Furthermore, PFAS are used in the semiconductor industry as materials for photoresists and other products, and as construction of semiconductor manufacturing plants progresses across the country, this issue will become unavoidable.

A common removal method is to adsorb PFOS and PFOA to activated carbon, but there is a concern that disposing of the activated carbon may lead to further contamination. Therefore, it is necessary to incinerate the activated carbon at high temperatures (1,100 degrees) to break down PFOS and PFOA, but this goes against the principles of the SDGs (Sustainable Development Goals). In addition, there are household water purifiers that remove PFOS and PFOA, but because they use membranes, the discarded membranes become a new source of contamination, or incineration is unavoidable.

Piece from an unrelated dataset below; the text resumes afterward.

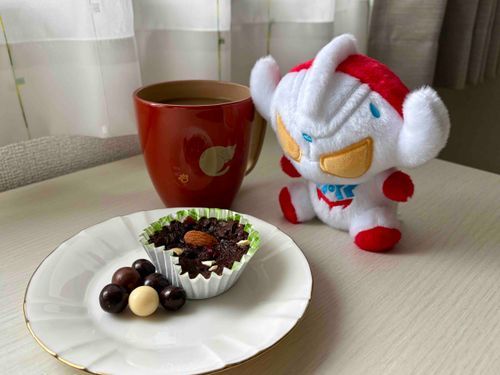 今日のお菓子(家主の作ったガトーショコラもどき)
家主はもう少し美味しそうな見た目のものが作れるように努力するべき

Our equipment was originally manufactured to extract magnesium from seawater, and has a track record of reducing the salinity of seawater to 0.00%, as well as purifying ink and contaminated water from wastewater treatment plants. The purified water achieves an electrical conductivity of 1mS/m, the standard for pure water. We have also succeeded in separating tritiated water, an achievement that was published in the Journal of Nuclear Science & Technology in 2023. Separating tritiated water was previously considered impossible, but our original approach was highly praised by the reviewers of the paper.

Conventional reverse osmosis (RO) equipment uses membranes to filter seawater, but when salt adheres to the membrane, it stops functioning and the membrane must be discharged into the ocean, raising the problem of an increase in the salinity of the surrounding seawater. On the other hand, our equipment does not use membranes and collects salt and magnesium as solids, making it a completely new seawater desalination method that does not require discharge. This technology has already been commercialized and patented.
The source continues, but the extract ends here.